About 120 million pounds of damaged vehicle parts have been processed through Ford’s recycling and remanufacturing program since its inception in 2003.
In addition to keeping those parts out of landfills, reusing parts as often as possible helps control costs and quality while conserving valuable resources. It also gives new life to vehicle components otherwise destined for a junkyard or landfill.
In the last two years, bumpers and headlights were added to the list of parts recycled or remanufactured through the program. In the short time since, about 62,000 bumpers have been collected while about 26,000 headlights have been recycled.

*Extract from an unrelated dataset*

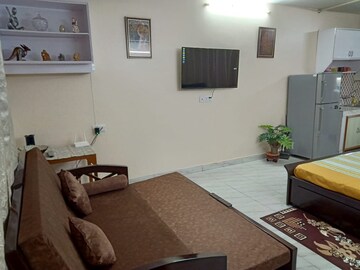 Bedroom in 1 RK Apartment at Defence Colony – for Rent
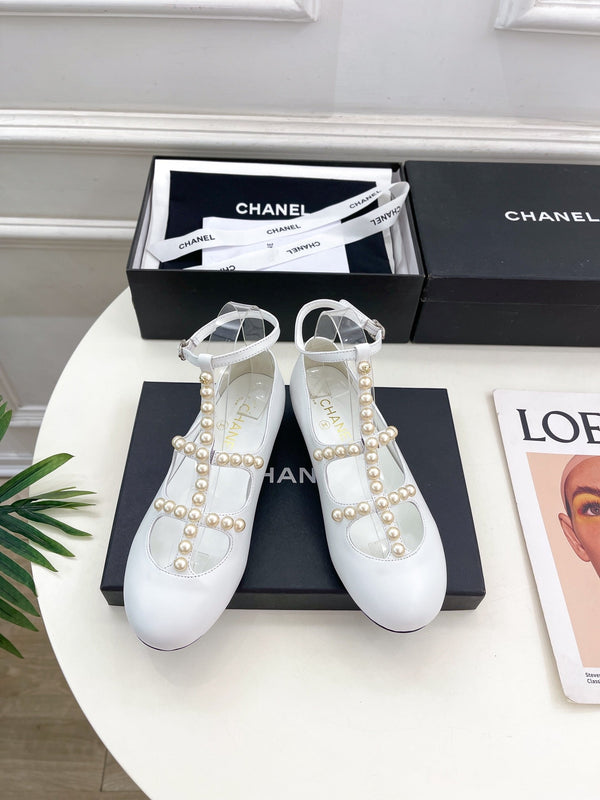 CC Mary Jane 10mm In White With Small Pearls Lambskin 948758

The program oversees collection, remanufacturing and recycling of damaged parts – everything from small sensors and fuel injectors to large engine parts – from Ford vehicles that have been repaired through the company’s dealer network.
Several issues necessitated the program – from more complex and expensive parts in cars and trucks to a need to get more control over the sale of aftermarket components to a need to recycle more.
“Most parts that come back to us through the program still have a lot of life left,” says Kim Goering , manager of Ford’s remanufacturing and recycling programs. “That makes a strong business case to do whatever we can to extend the life of these components. Even more important, however, is that Ford strongly believes it’s just the right thing to do from an environmental perspective.”
Dealers pay a core charge on each new part bought from Ford to replace a damaged one. When the original damaged part is returned to Ford, the dealer gets the core charge amount back – just like when you buy parts like batteries, starters and alternators at your local auto parts store.